*** RECORDS FOR THE TASK Section Begins ***

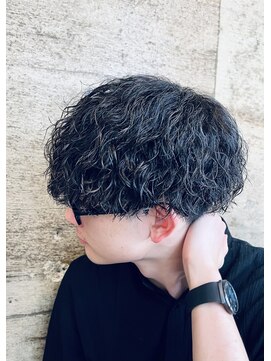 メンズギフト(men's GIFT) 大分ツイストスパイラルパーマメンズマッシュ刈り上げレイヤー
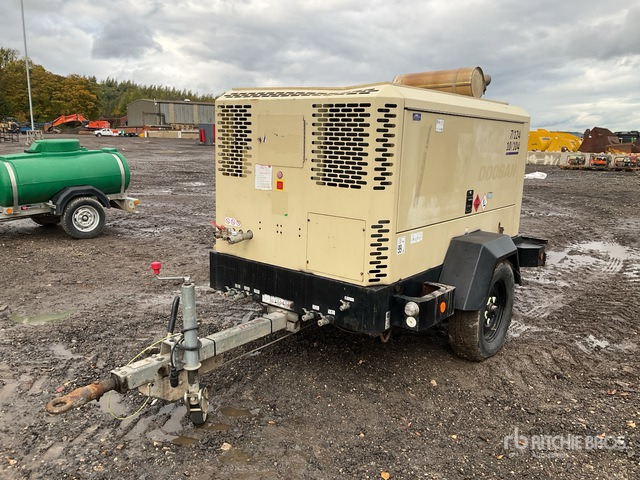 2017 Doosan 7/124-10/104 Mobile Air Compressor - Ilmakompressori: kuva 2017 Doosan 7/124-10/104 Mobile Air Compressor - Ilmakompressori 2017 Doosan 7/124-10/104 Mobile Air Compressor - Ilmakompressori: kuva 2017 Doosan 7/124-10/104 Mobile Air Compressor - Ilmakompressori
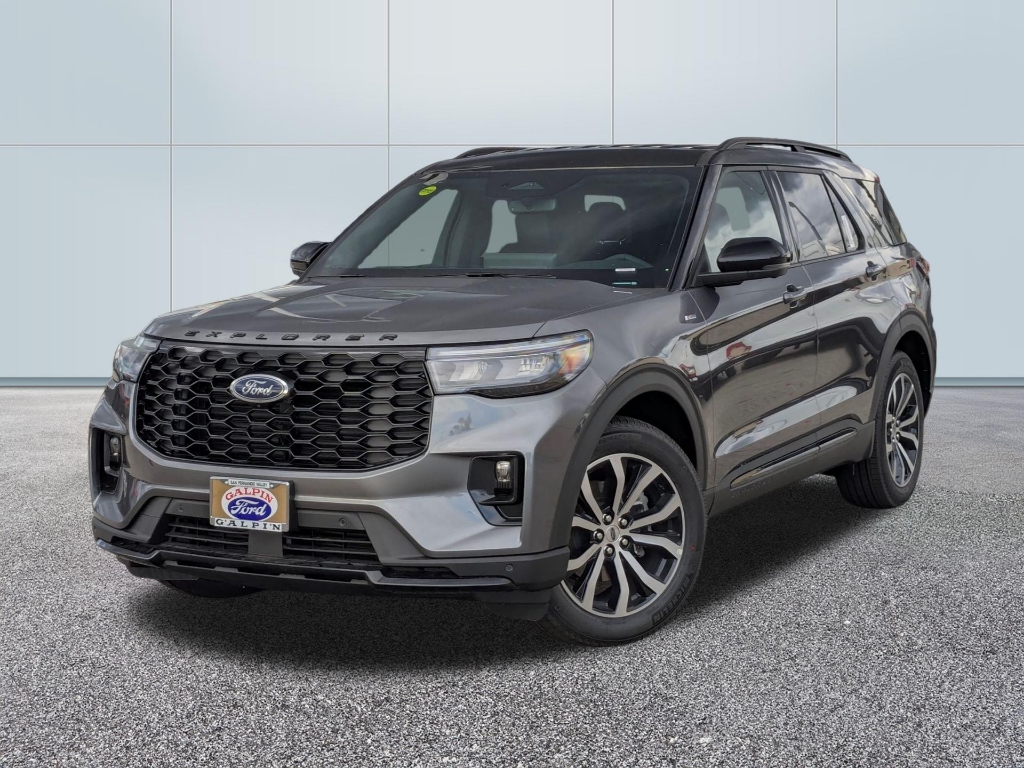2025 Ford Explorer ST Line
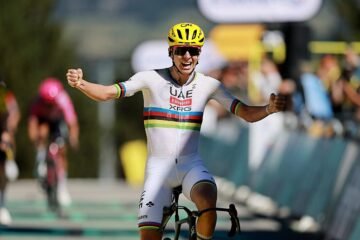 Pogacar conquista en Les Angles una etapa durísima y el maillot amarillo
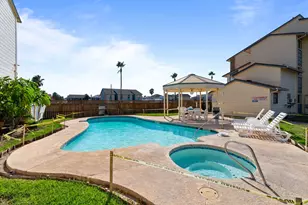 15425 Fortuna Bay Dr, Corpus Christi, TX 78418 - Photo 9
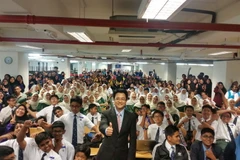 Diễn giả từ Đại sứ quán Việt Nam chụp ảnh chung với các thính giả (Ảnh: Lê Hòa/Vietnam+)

*** RECORDS FOR THE TASK Section Ends ***
*** RECORDS FOR THE TASK Section Begins ***

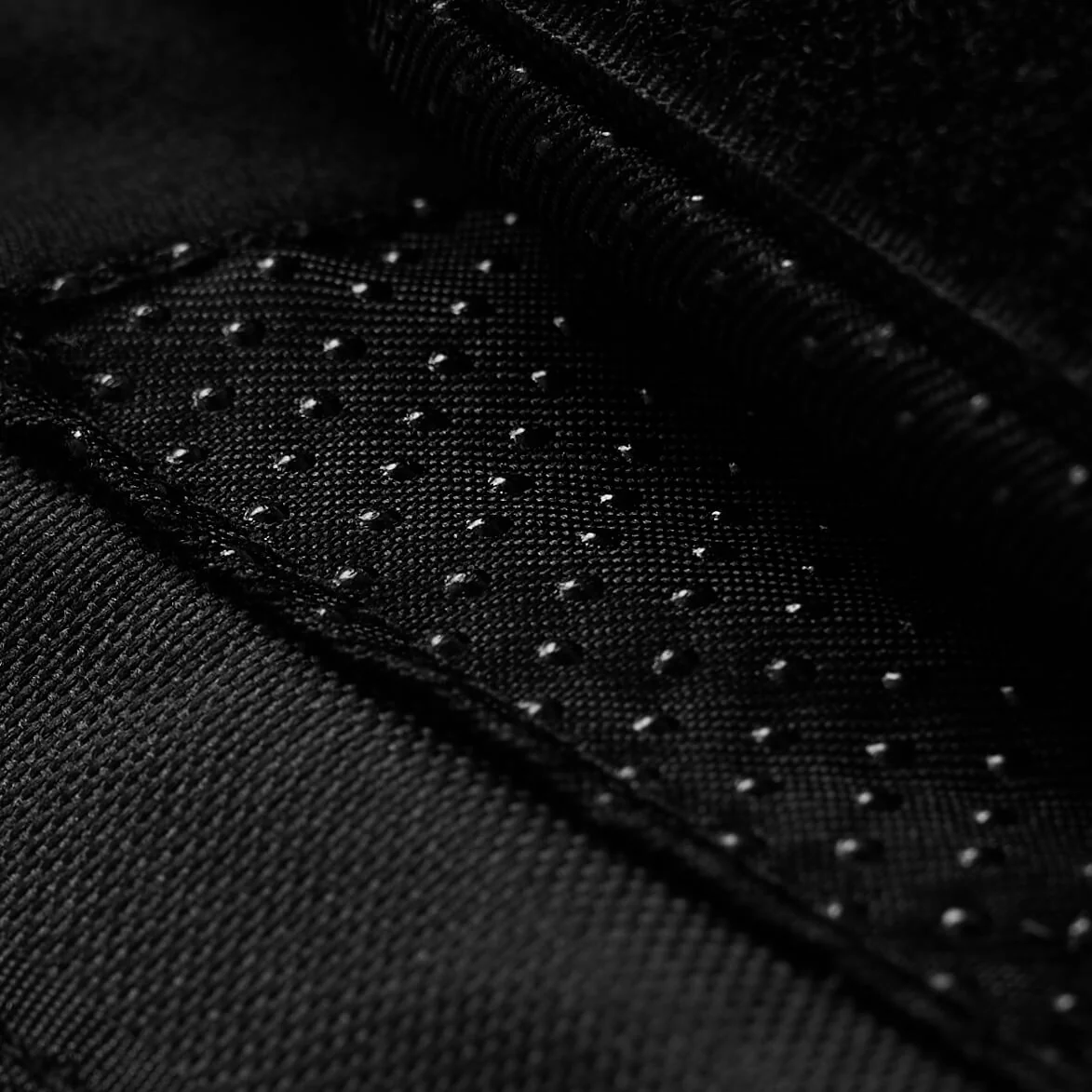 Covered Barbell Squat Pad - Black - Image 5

*** RECORDS FOR THE TASK Section Ends ***
*** RECORDS FOR THE TASK Section Begins ***

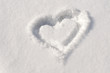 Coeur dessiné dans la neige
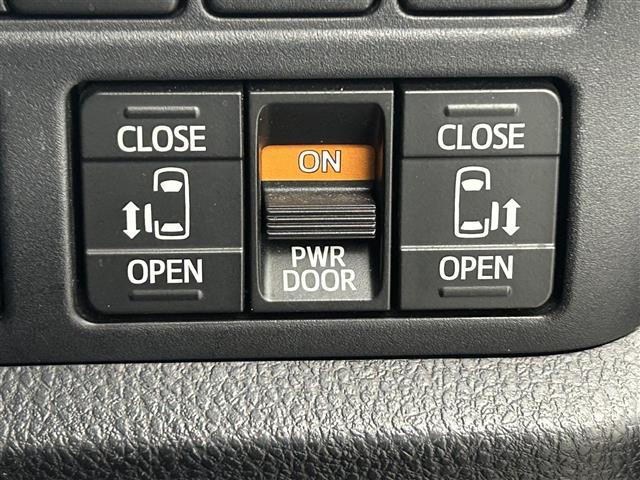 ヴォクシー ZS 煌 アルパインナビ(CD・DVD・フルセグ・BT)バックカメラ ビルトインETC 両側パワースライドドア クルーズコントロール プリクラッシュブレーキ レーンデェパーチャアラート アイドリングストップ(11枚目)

*** RECORDS FOR THE TASK Section Ends ***

**WHAT YOU WILL DO**: Although the records above contain pictures, the copy should not; retype exactly the lines from the one containing "メンズギフト(men's G" through the one containing "Diễn giả từ".

**WRITTEN SOLUTION**:
 メンズギフト(men's GIFT) 大分ツイストスパイラルパーマメンズマッシュ刈り上げレイヤー
 2017 Doosan 7/124-10/104 Mobile Air Compressor - Ilmakompressori: kuva 2017 Doosan 7/124-10/104 Mobile Air Compressor - Ilmakompressori 2017 Doosan 7/124-10/104 Mobile Air Compressor - Ilmakompressori: kuva 2017 Doosan 7/124-10/104 Mobile Air Compressor - Ilmakompressori
2025 Ford Explorer ST Line
 Pogacar conquista en Les Angles una etapa durísima y el maillot amarillo
 15425 Fortuna Bay Dr, Corpus Christi, TX 78418 - Photo 9
 Diễn giả từ Đại sứ quán Việt Nam chụp ảnh chung với các thính giả (Ảnh: Lê Hòa/Vietnam+)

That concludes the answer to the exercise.